Renamed Trueman and Riley for a relaunch on BBC7 (now BBC Radio 4 Extra) in March 2007, and relocated from Hull to Leeds, the new series saw the pair attempt to solve slightly more everyday crimes, and frequently disagreeing about the best way to proceed. The two men both complement and irritate each other, but each recognizes that he depends on the other. Trueman seems to have no family or friends, while Riley has grandchildren. At the end of series 3 Trueman begins a relationship with the widow of a man whose death he investigated as a cold case.

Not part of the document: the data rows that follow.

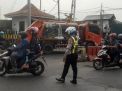 Polsek Asemrowo Laksanakan Patroli Pengaturan Lalu Lintas Sore di Rel Kereta Api Tambak Mayor, Antisipasi Kemacetan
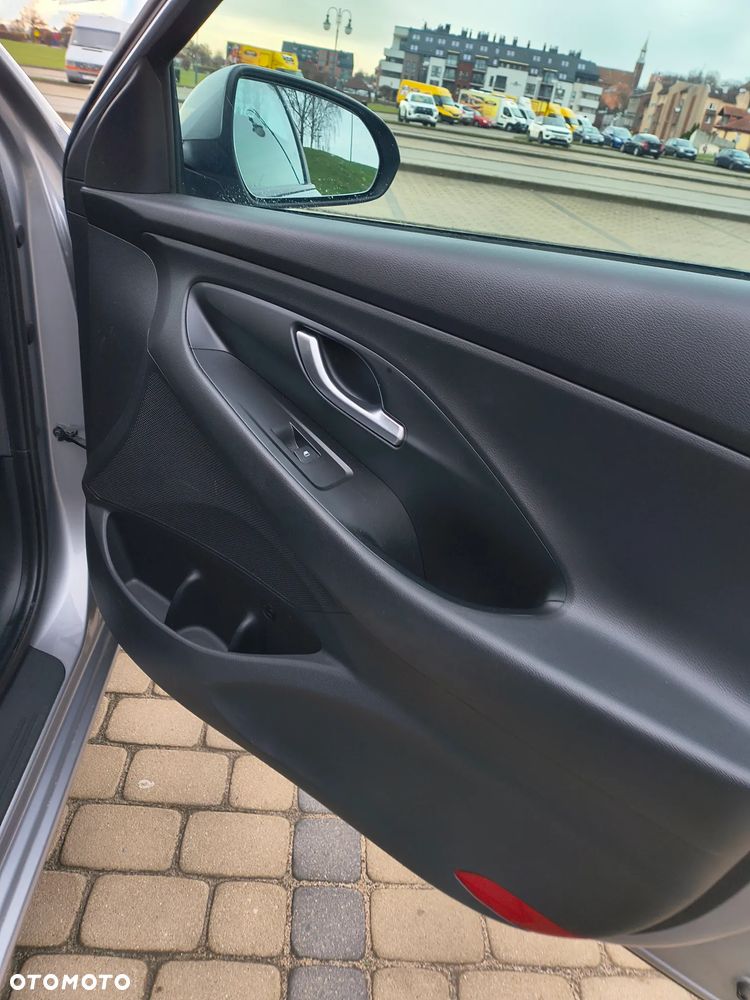 Hyundai i30 1.6 D Classic + - 27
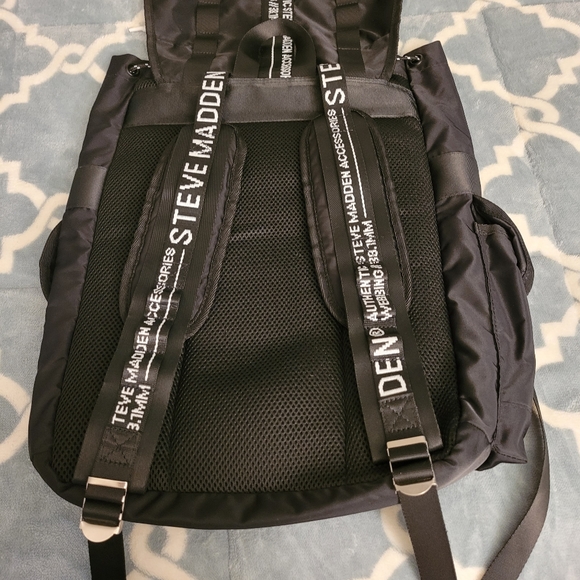 Steve Madden Backpack - Picture 3 of 5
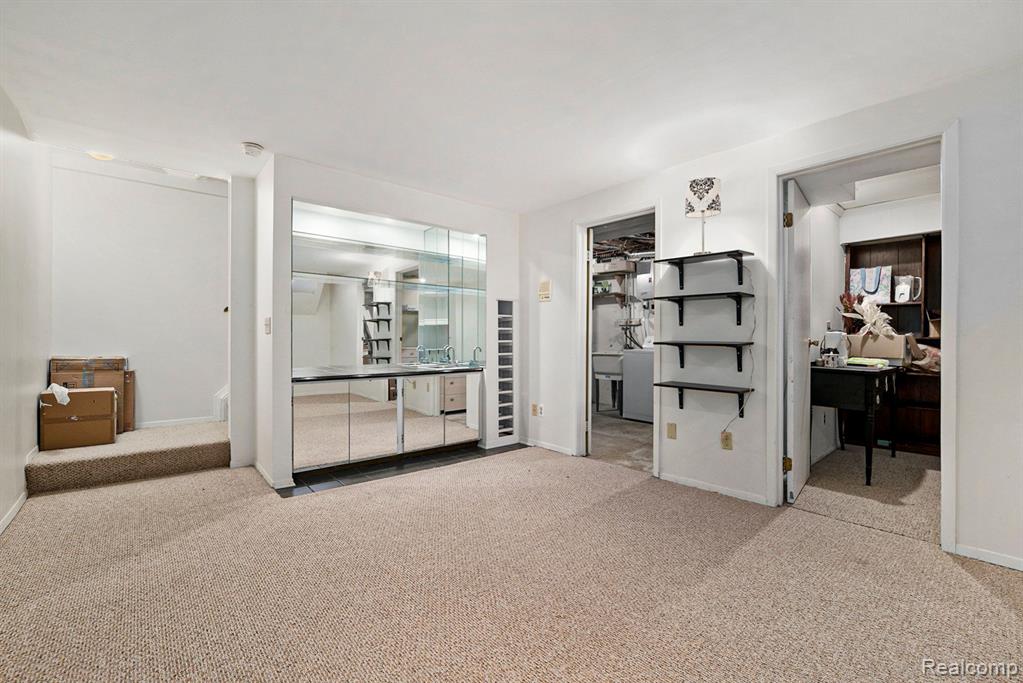 30979 COUNTRY, 163, Farmington Hills, MI 48331 — Photo 17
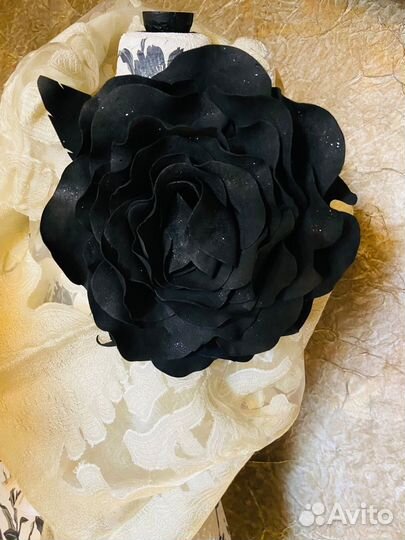 Брошь - роза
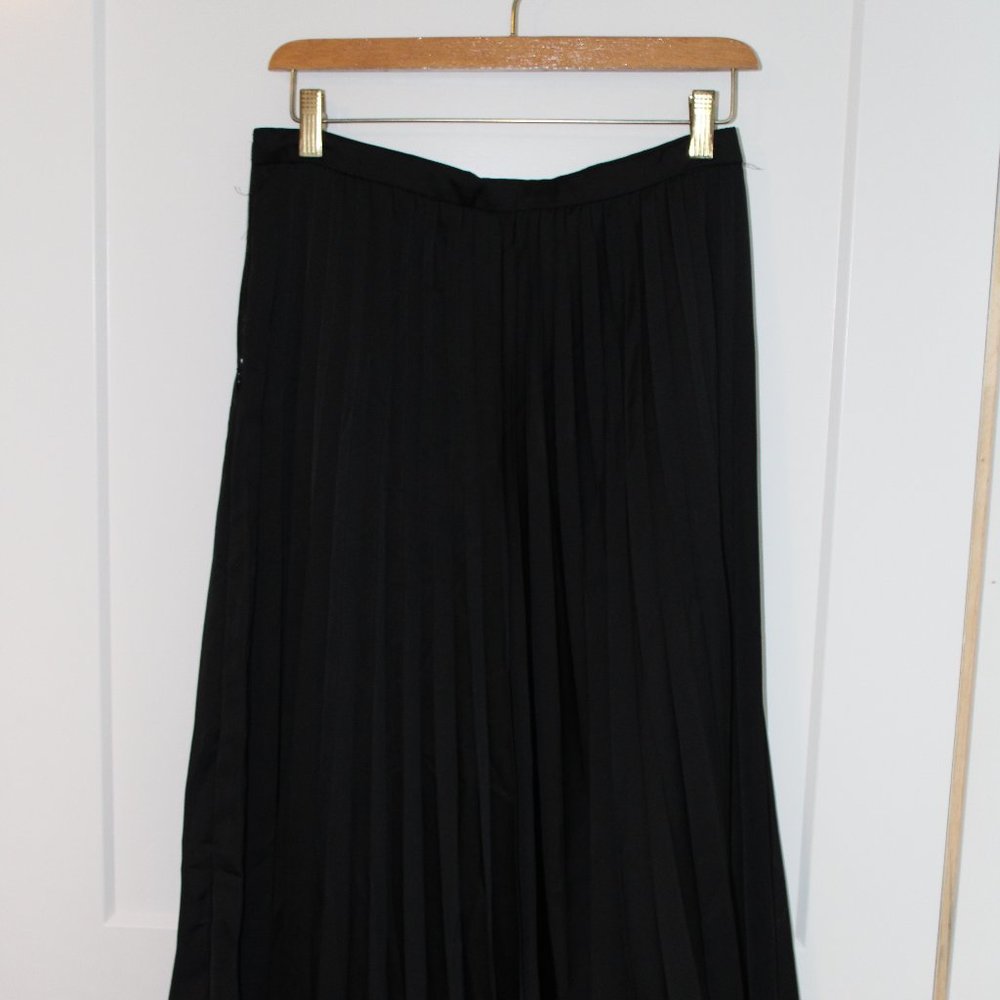 J. Crew pleated black skirt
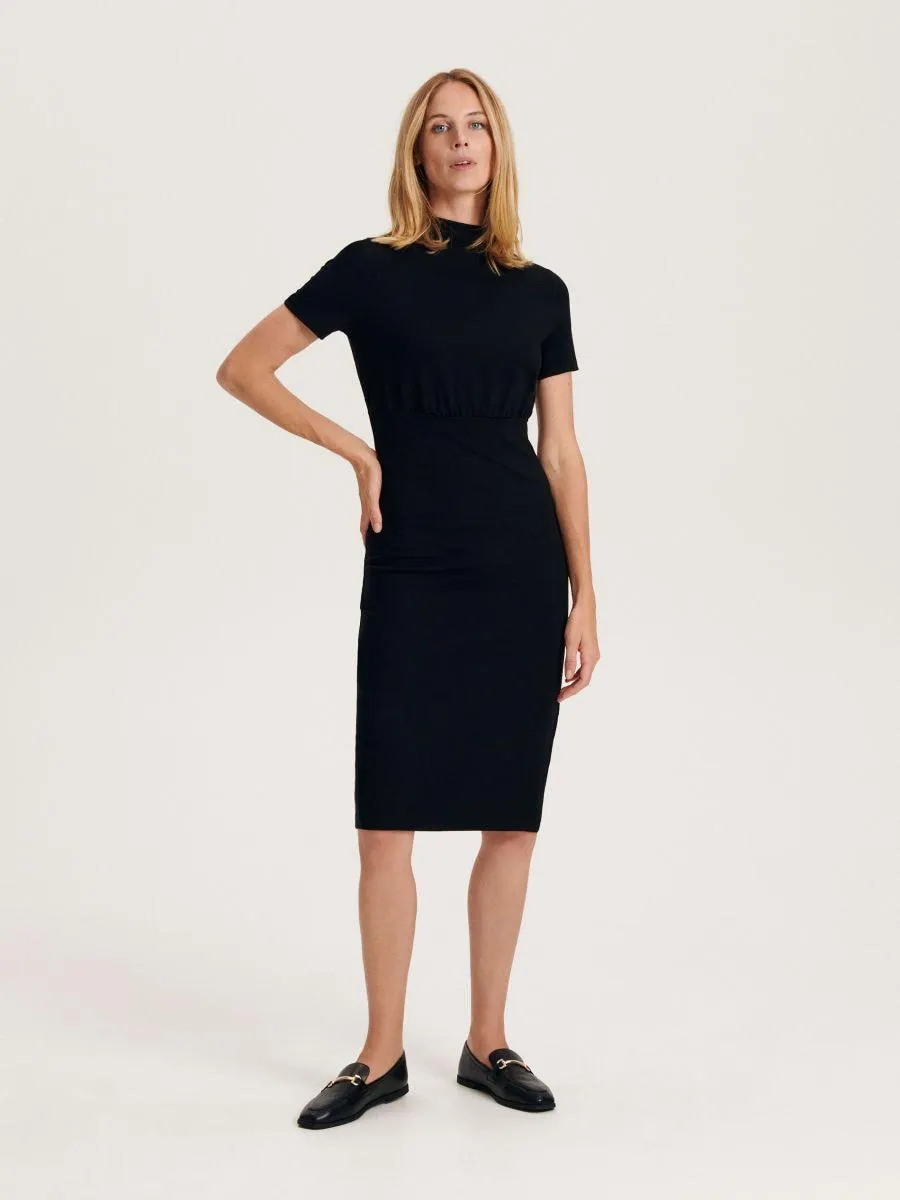 Testhezálló midi ruha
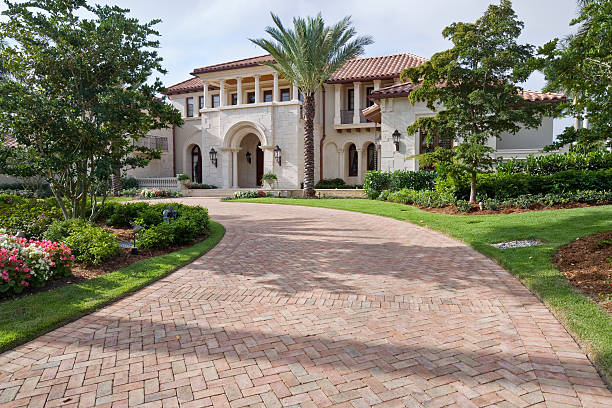 Best Driveway Borders and Edging Pavers in Estherville, IA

The most recent series was broadcast in 2012 on BBC Radio 4 Extra. It was selected as BBC Drama Download of the Week and also featured on the Danny Baker Show (BBC Radio 5 Live), where Riley was heard discussing the merits of red or brown sauce during the Sausage Sandwich Game.

==Cast==
- DI Trueman - Robert Daws
- DS Riley - Duncan Preston

==Episode list==
===Radio 4 Afternoon Plays (Trueman and Riley: The Early Years)===
1. Trueman — Was the murder of a student a drug wars killing, or are more sinister forces at work?
2. Angel Heights — A young stable jockey has been killed by a horse in what appears to have been an accident.
3. The Road to Hull — Trueman and Riley are unhappy at the opening of Club Paradiso, a new lap dancing club in Hull.
4. High Windows — A film crew are in Hull, making a bio-pic of Philip Larkin, but they are being plagued by pranks and petty thefts.

===Series 1===
1. Vanished - A husband is reported missing, but the wife is not who she claims to be.
2. Story - A reporter for an online news service falls from a building. Or was she pushed?
3. Bond - An item of James Bond movie memorabilia is stolen at a fan convention. As usual nobody is who they seem.
4. Speed - Riley gets a speeding ticket and is obliged to attend a "speed awareness" class, where he spots an ex-con who he thinks is back on his old games.

===Series 2===
For the first two episodes of Series 2 in March 2009, Trueman and Riley are exiled to "Student Crime Prevention" at the University. The reason for their exile is not explained.
1. The Road to Nowhere - Student houses along one street are being burgled, but there is a connection to a trip to exotic places.
2. The Three Degrees - Three former students re-unite in their old digs, but one has to be fished out of a canal. He claims he fell in, but the CCTV says otherwise.
3. A Man's World - Items are being stolen from mothers on a maternity ward. Suspicion is cast on a man working in a woman's profession - midwifery.
4. The Other Chic - Arson and theft in the lingerie industry.
5. Love Bytes - A woman is missing, and online role-playing games are involved.

===Series 3===
1. Every dog has his day - A "murder", but the victim is a dog.
2. Angel Delight - A robbery at a burlesque club.
3. Family Business - A man goes missing after winning "98 grand" from a bookmaker.
4. Green Machine - An environmental activist is knocked off his bicycle.
5. Home Truths - Trueman investigates an "accidental" death from 14 years ago. Riley gets into social media as a 14-year-old to "safeguard" his granddaughter.